Time Warner Cable reported its year-end and fourth-quarter earnings this morning. Time Warner Cable, which is the nation's second-largest cable operator, also announced a 20 percent increase in its quarterly dividend to 48 cents a share as the company spent $515 million during the fourth quarter on stock buybacks.
Time Warner Cable lost a total of 141,000 video customers in the fourth quarter while adding 94,000 data and 72,000 phone subscribers.
Time Warner Cable's triple-play net additions were 72,000 in the fourth quarter, while double- and triple-play subscribers totaled 8.5 million, or 59 percent of total customer relationships, as of Dec. 31.

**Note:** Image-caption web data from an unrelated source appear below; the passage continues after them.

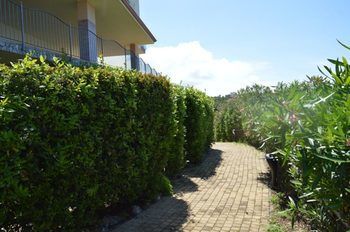 Outdoor Pictures 22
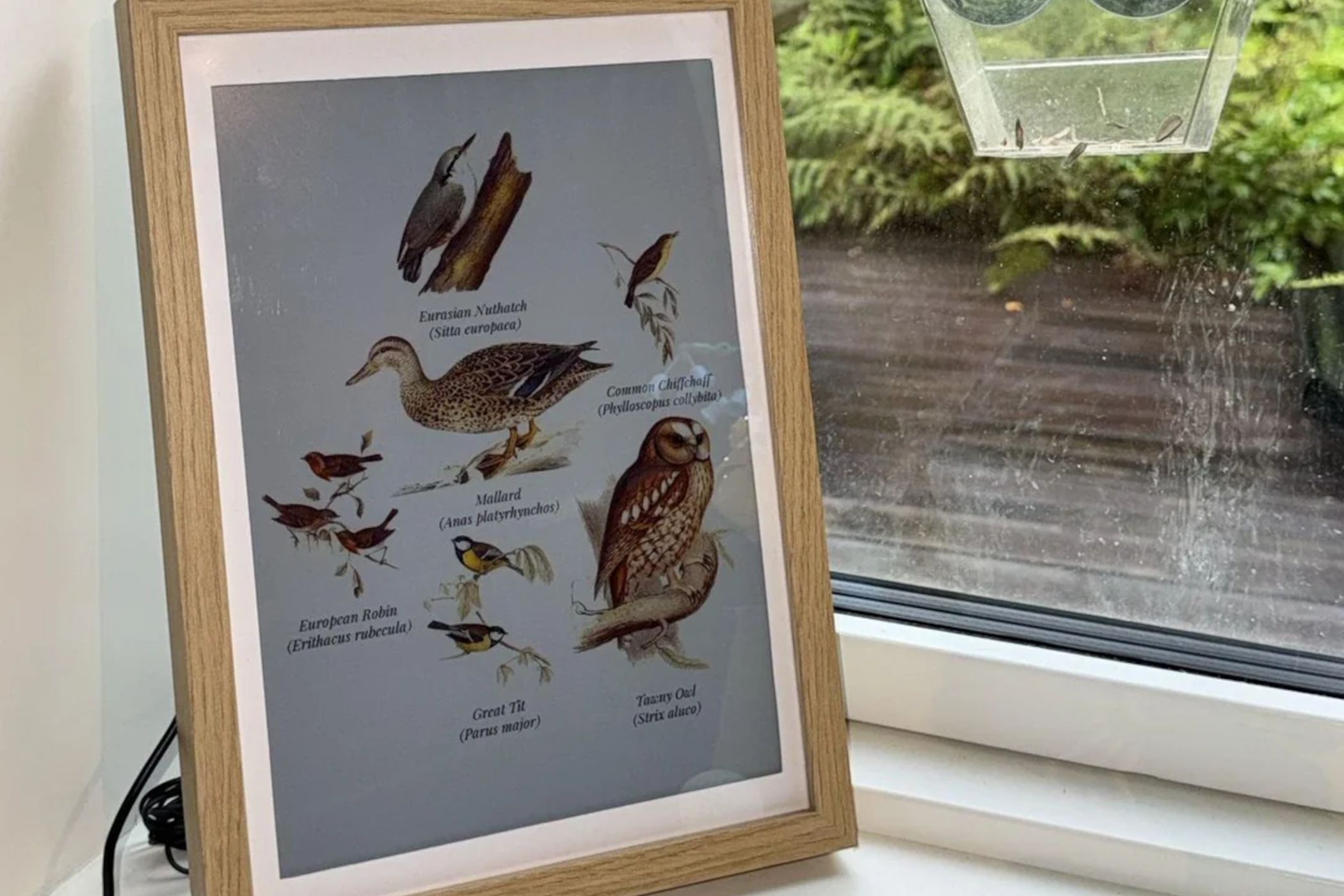This Raspberry Pi 5 e-ink project listens to your garden and draws the ...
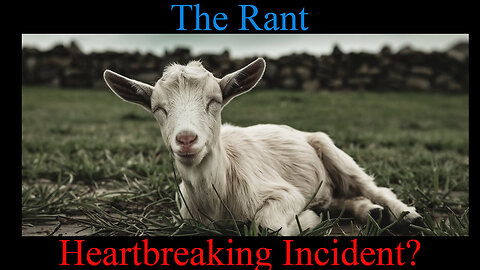 The Rant-Heartbreaking Incident?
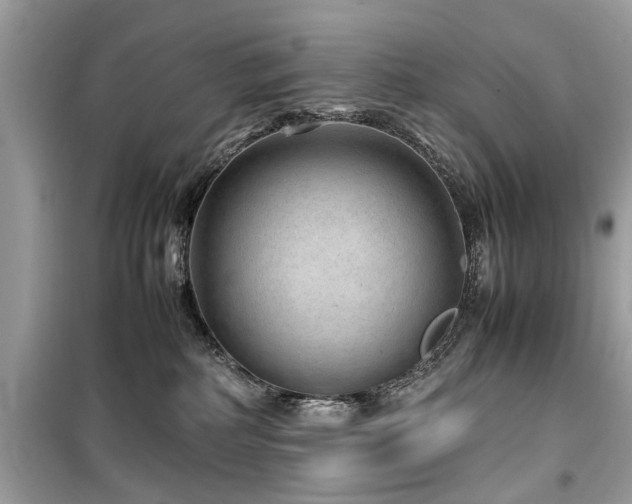 X0000099570234200805161524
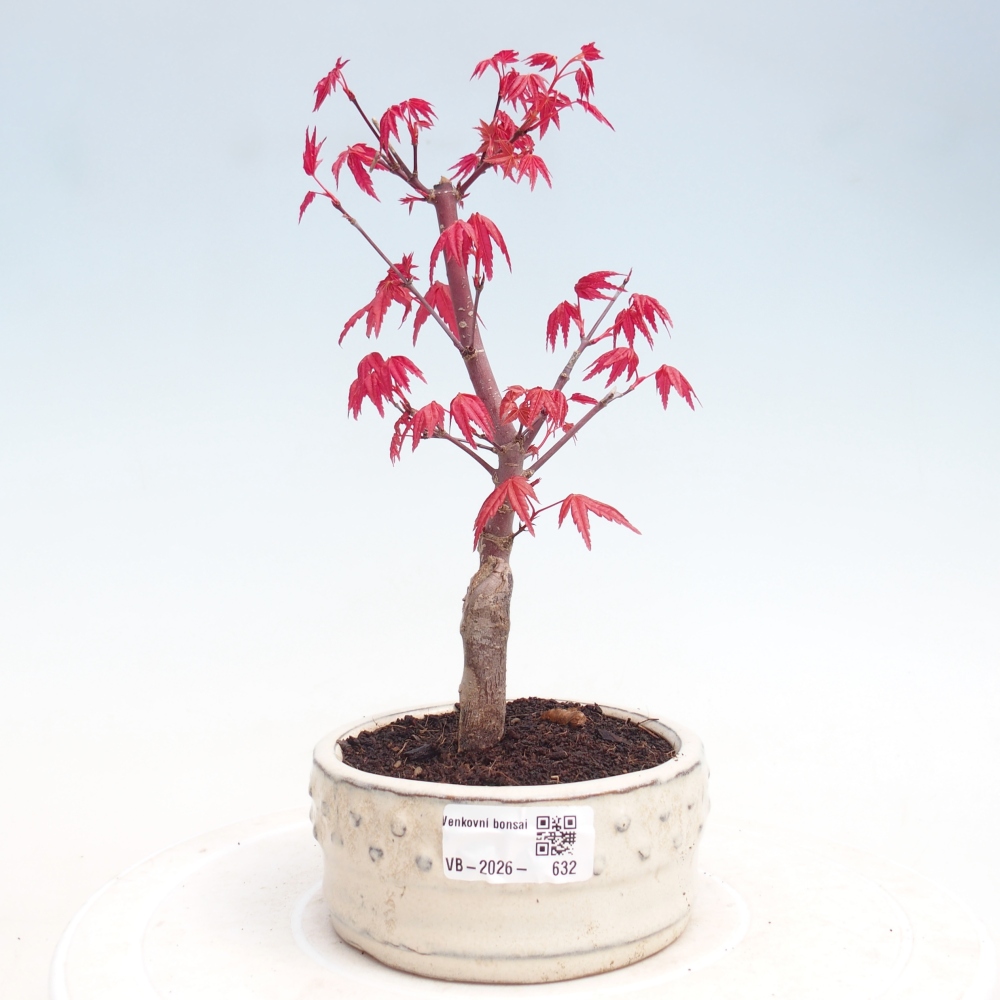 Vonkajšie bonsai - Javor dlaňolistý - Acer palmatum DESHOJO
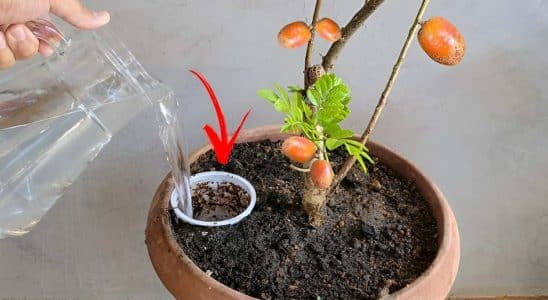 Como Cultivar Planta Em Vaso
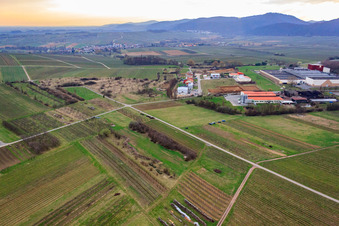 Photographie aérienne de À l'Ahlmühle, la porte allemande du vin eG à Ilbesheim bei Landau dans le département Rhénanie-Palatinat, Allemagne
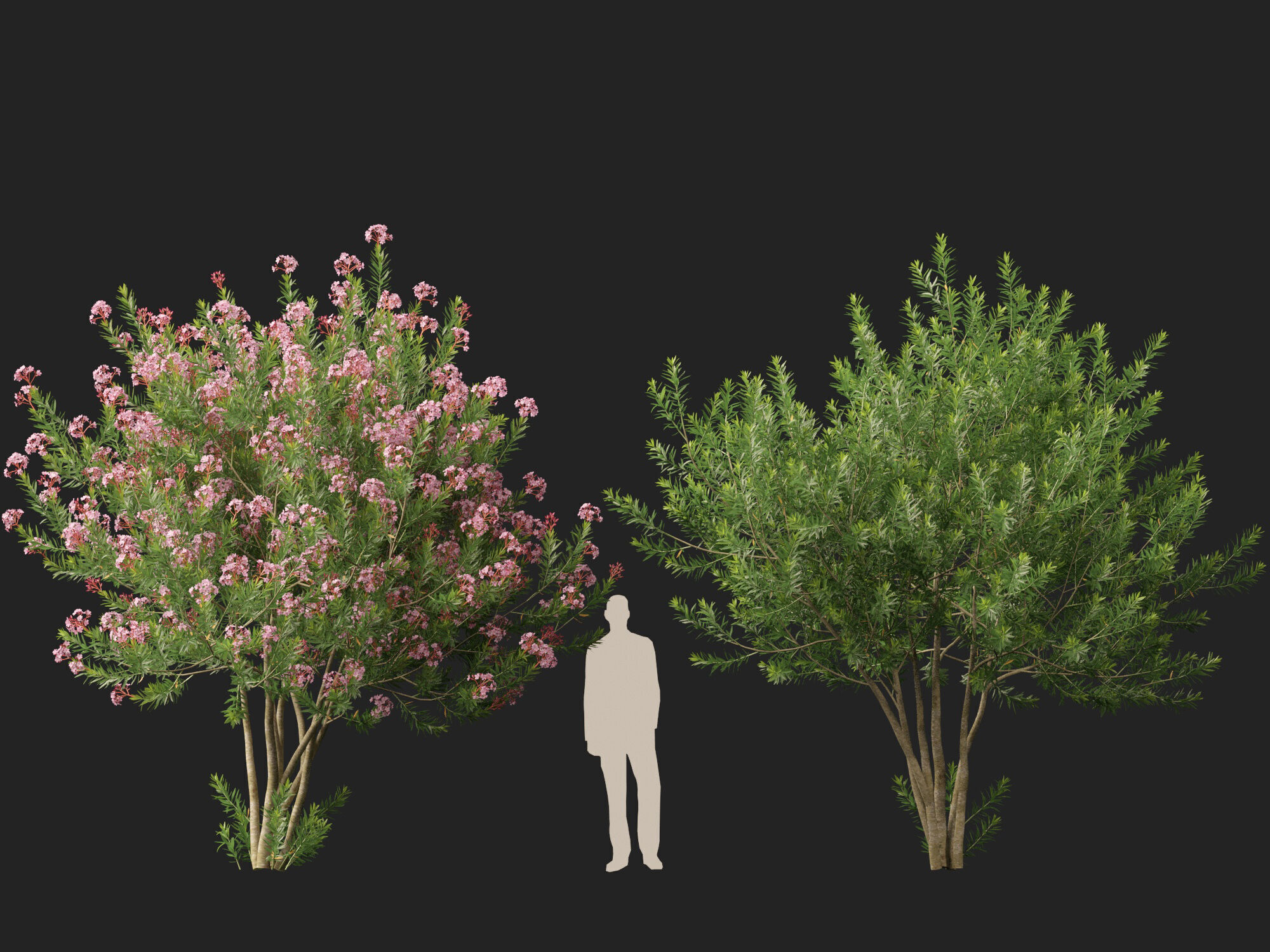 HighpolyLowPoly -  Nerium oleander - Rosebay 02 Low-poly 3D model_10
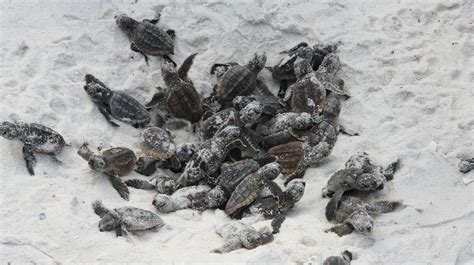 Sea turtle hatching season in full swing on Pensacola Beach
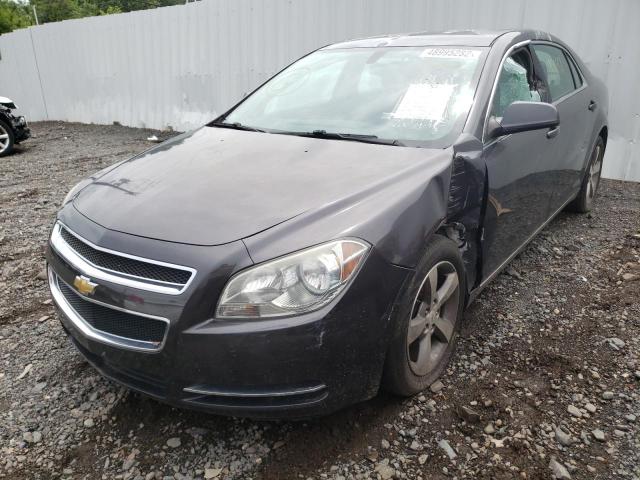 1G1ZC5E13BF123068 - 2011 CHEVROLET MALIBU 1LT ნაცრისფერი ფოტო 2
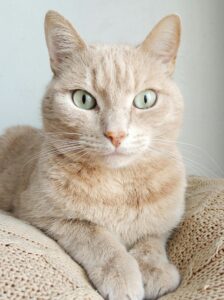 Close-up portrait of a cute domestic cat with green eyes resting indoors.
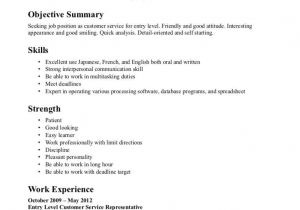 Basic Sample Resume for No Experience It Resume Sample No Experience Resume Sample format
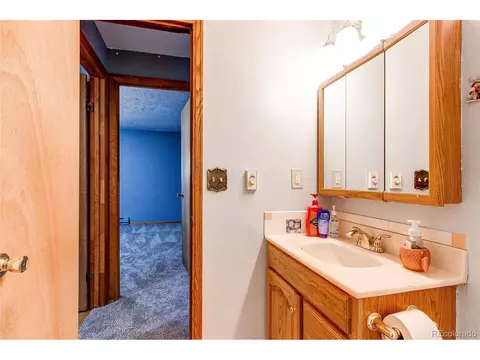 119 Raven Dr, Bailey, CO 80421 photo 16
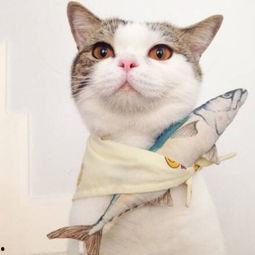 娱乐吃瓜酱桂花猫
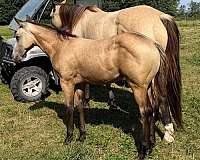 trainability-horse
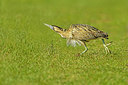 BUITEN BEELD Foto: 336261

Time Warner Cable said its fourth-quarter profit increased to $392 million, or $1.09 a share, from $322 million, or 91 cents a share, a year earlier. Excluding a tax gain and other impacts, earnings climbed to 99 cents a share from 93 cents a share as revenue rose 5.9 percent to $4.8 billion.
Revenues for the fourth quarter of 2010 increased 5.9 percent from the fourth quarter of 2009 to $4.8 billion.
Subscription revenues grew 4.6 percent year-over-year to $4.5 billion, driven by a 3.5 percent increase in residential subscription revenues and a 23 percent increase in commercial subscription revenues. Advertising revenues increased 34 percent to $269 million.
Full-year revenues increased 5.6 percent over 2009 to $18.9 billion. Subscription revenues grew 4.8 percent to $18 billion, with residential subscription revenues increasing 3.9 percent and commercial subscription revenues growing 21.1 percent. Advertising revenues increased 25.5 percent to $881 million.
For both the fourth quarter and full year of 2010, Time Warner Cable said residential subscription revenue growth was driven by increases in high-speed data, video and voice revenues.
Video revenue increased 1.6 percent, while high-speed data revenue rose 11 percent and voice revenue jumped by 7.6 percent. Buoyed by more political ad spending, advertising climbed 34 percent.
The increase in residential high-speed data revenues was attributed to growth in high-speed data subscribers and, to a lesser extent, increases in average revenues per subscriber.
Residential video revenues rose as a result of increases in average revenues per subscriber, which were due to price increases, improved subscriber mix and increased DVR service revenues, partially offset by the decline in video subscribers.
The growth in residential voice revenues was driven by an increase in digital phone subscribers, partially offset by a decrease in average monthly revenues per digital phone subscriber.
Commercial subscription revenue growth was due primarily to an increase in cell tower backhaul revenues, increases in business-class phone and high-speed data subscribers and higher metro Ethernet revenues.
Advertising revenue growth for both the quarter and full year was boosted by a wide range of categories, most notably political, automotive and media. Political advertising was $42 million in the fourth quarter of 2010 and $74 million in the full-year 2010 compared to $8 million and $20 million in the comparable periods of 2009.
Analysts had projected average earnings of $1 a share on revenue of $4.75 billion. Time Warner Cable's operating margin rose to 20.7 percent from 19.7 percent.
"We made great strides financially and operationally in 2010," Time Warner Cable CEO Glenn Britt said. "We achieved record free cash flow and continued to deliver on our shareholder-oriented capital allocation strategy. At the same time, we enhanced our products and services, increased the sophistication of our marketing and accelerated the growth of our commercial business. We look forward to the challenges and opportunities in the new year as we strive to deliver great service and quality products to our customers."